Manual GridPack production

Asked by Vincent Pascuzzi

Hi, MG Experts.

I am experiencing failed jobs on my PBS cluster due to wall-time limitations.

The situation is this: I customise the `cluster.py` to be compatible with the PBS cluster, which requires a `walltime` argument be passed to `qsub` in order to prioritise my jobs in the queue (since I am having problems with the "plugin" feature in MG -- that's another story: https://answers.launchpad.net/mg5amcnlo/+question/648075). The problem is that, while 99.9% of the batch jobs finish within 2 hours, several of them (literally < 0.01%, but make contribute most to the process's cross-section) exceed even 6 hours. This requires me to submit >1500 jobs with a wall-time > 6hrs, and means the entire run can take many days on my [highly over-subscribed] cluster.
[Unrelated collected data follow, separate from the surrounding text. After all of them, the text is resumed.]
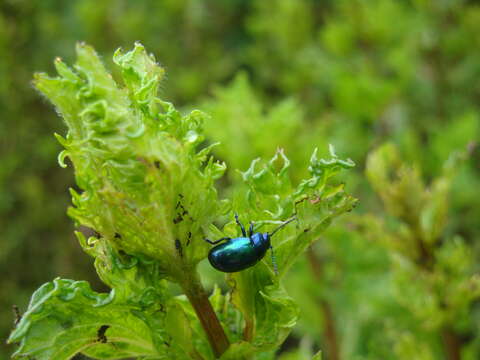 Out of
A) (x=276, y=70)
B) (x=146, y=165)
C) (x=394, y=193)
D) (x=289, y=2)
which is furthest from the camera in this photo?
(x=276, y=70)

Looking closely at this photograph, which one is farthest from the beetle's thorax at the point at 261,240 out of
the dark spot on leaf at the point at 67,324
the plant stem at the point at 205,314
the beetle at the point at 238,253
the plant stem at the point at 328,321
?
the plant stem at the point at 328,321

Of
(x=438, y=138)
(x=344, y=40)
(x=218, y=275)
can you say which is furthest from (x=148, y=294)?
(x=344, y=40)

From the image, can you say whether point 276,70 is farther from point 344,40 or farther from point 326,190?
point 326,190

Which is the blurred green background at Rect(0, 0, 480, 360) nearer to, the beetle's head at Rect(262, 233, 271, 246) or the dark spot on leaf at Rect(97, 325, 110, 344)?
the beetle's head at Rect(262, 233, 271, 246)

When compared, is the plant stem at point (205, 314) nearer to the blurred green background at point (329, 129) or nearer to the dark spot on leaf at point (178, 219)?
the dark spot on leaf at point (178, 219)

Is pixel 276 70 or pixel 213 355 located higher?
pixel 276 70

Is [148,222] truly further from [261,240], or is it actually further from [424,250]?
[424,250]

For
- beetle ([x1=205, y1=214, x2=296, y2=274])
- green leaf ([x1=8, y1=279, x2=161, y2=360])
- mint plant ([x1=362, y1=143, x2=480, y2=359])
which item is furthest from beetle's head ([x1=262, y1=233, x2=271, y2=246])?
mint plant ([x1=362, y1=143, x2=480, y2=359])

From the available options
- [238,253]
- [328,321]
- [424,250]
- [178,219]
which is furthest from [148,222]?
[328,321] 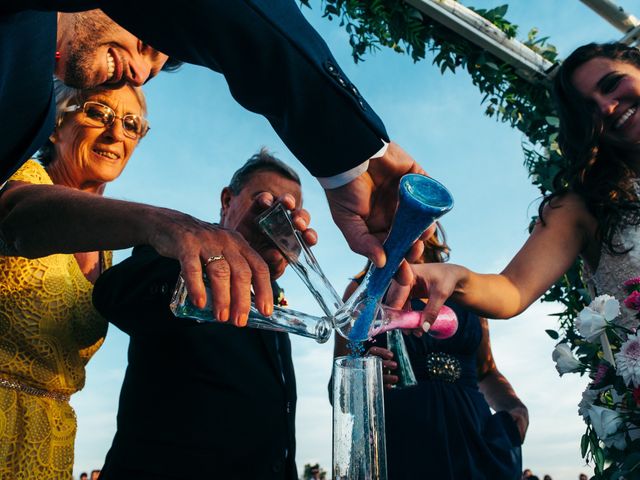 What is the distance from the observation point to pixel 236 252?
1.08 m

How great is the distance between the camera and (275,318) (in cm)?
108

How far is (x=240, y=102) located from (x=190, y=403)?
38.6 inches

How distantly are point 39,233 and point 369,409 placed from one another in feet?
2.95

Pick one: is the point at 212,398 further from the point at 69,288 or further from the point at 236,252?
the point at 236,252

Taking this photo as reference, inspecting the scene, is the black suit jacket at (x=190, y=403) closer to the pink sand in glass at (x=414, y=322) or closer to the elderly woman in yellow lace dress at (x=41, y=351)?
the elderly woman in yellow lace dress at (x=41, y=351)

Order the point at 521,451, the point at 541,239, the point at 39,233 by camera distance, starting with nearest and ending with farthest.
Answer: the point at 39,233 → the point at 541,239 → the point at 521,451

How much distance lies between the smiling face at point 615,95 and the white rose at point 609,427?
4.24 ft

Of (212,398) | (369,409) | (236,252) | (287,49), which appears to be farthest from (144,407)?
(287,49)

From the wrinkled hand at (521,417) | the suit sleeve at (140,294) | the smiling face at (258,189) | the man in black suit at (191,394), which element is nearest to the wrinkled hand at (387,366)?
the man in black suit at (191,394)

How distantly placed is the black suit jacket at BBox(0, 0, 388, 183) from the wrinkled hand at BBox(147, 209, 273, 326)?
230mm

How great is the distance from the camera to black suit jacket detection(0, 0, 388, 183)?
3.10ft

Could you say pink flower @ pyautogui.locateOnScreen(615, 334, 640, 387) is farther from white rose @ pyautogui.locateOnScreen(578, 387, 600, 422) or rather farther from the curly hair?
the curly hair

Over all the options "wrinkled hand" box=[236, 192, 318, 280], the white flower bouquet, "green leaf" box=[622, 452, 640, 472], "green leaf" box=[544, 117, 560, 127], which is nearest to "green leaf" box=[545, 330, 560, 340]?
the white flower bouquet

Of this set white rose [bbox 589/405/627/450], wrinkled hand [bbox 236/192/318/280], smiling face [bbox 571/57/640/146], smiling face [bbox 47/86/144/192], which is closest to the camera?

So, my question is this: For those jobs that fail to complete within, say 2hrs, which are *very* few, is it possible to manually run those jobs (this part I can do) and re-execute the final steps in the process to create a GridPack? I assume this is doable, but unfortunately don't have much time to dig into the MG code to find the commands to do this.

Thanks,
    Vince.

Question information

Language:
English Edit question
Status:
Solved
For:
MadGraph5_aMC@NLO Edit question
Assignee:
No assignee Edit question
Solved by:
Olivier Mattelaer
Solved:
Last query:
Last reply:
Revision history for this message
Olivier Mattelaer (olivier-mattelaer) said :
#1

Hi,

This is currently not possible.
I have implemented such option in some development version (lp:~mg5hpcteam/mg5amcnlo/mg5hpc<https://code.launchpad.net/%7Emg5hpcteam/mg5amcnlo/mg5hpc>)
That branch is currently waiting approval to be include in the next release of the code.

To run one job manually that failed before, you can go to the associate directory and do
../madevent < input_app.txt
(It is sometimes a different name for the input file, so just check the file present in the directory)

Then in that branch you can do
./bin/madevent restart_gridpack --precision=0.1 --restart_zero

The two options are ... optional. (The first one allow to resubmit job with a precision worse than 1%

Cheers,

Olivier

On 21 Jul 2017, at 10:34, Vincent Pascuzzi <<email address hidden><mailto:<email address hidden>>> wrote:

New question #651195 on MadGraph5_aMC@NLO:
https://answers.launchpad.net/mg5amcnlo/+question/651195

Hi, MG Experts.

I am experiencing failed jobs on my PBS cluster due to wall-time limitations.

The situation is this: I customise the `cluster.py` to be compatible with the PBS cluster, which requires a `walltime` argument be passed to `qsub` in order to prioritise my jobs in the queue (since I am having problems with the "plugin" feature in MG -- that's another story: https://answers.launchpad.net/mg5amcnlo/+question/648075). The problem is that, while 99.9% of the batch jobs finish within 2 hours, several of them (literally < 0.01%, but make contribute most to the process's cross-section) exceed even 6 hours. This requires me to submit >1500 jobs with a wall-time > 6hrs, and means the entire run can take many days on my [highly over-subscribed] cluster.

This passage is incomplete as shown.